(DIRECTIONS): Write out each line from the data below that includes the word "Used".

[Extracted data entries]
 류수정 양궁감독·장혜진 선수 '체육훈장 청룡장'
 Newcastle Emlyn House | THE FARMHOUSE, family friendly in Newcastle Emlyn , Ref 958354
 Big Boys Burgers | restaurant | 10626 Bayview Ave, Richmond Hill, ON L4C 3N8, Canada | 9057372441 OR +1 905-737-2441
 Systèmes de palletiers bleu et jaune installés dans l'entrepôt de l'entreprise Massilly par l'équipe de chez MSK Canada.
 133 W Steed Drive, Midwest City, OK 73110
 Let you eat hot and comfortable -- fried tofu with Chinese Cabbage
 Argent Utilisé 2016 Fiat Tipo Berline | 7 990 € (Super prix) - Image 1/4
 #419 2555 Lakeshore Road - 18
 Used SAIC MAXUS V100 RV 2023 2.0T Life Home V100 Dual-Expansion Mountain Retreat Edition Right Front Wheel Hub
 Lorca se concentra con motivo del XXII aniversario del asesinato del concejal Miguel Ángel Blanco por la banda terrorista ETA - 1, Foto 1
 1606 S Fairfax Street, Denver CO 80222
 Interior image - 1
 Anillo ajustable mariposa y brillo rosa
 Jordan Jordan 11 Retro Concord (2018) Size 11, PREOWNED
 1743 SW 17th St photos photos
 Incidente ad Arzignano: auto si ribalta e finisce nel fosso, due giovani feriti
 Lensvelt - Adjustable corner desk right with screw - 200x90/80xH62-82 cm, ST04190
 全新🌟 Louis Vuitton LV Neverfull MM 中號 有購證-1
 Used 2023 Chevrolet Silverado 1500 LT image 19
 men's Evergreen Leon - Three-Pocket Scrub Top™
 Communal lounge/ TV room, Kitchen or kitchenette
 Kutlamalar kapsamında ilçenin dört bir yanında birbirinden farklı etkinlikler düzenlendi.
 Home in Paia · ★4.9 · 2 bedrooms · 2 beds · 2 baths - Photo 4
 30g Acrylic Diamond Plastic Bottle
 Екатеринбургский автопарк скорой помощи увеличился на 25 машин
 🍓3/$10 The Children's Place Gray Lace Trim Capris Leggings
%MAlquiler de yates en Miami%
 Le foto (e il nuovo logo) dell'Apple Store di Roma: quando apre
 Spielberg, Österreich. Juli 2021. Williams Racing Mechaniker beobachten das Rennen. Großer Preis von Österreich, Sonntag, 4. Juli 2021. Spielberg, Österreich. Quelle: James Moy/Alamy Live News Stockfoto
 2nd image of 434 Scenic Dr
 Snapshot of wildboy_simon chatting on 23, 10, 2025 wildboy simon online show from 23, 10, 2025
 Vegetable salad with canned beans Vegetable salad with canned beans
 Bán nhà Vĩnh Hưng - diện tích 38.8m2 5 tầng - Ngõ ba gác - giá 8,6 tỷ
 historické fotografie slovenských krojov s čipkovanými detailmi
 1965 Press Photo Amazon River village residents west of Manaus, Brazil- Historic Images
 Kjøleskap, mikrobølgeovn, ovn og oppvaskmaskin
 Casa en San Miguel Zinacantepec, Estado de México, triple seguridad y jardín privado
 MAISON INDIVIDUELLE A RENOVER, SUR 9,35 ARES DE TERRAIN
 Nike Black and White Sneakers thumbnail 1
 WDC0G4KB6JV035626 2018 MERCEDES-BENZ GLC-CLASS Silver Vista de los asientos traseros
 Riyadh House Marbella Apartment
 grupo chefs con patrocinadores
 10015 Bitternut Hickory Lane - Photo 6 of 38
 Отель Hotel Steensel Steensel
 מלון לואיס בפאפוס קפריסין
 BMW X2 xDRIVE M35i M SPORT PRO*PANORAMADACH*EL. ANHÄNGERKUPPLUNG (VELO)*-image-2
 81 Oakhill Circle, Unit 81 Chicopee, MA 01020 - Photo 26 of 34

(RESULT):
 Used SAIC MAXUS V100 RV 2023 2.0T Life Home V100 Dual-Expansion Mountain Retreat Edition Right Front Wheel Hub
 Used 2023 Chevrolet Silverado 1500 LT image 19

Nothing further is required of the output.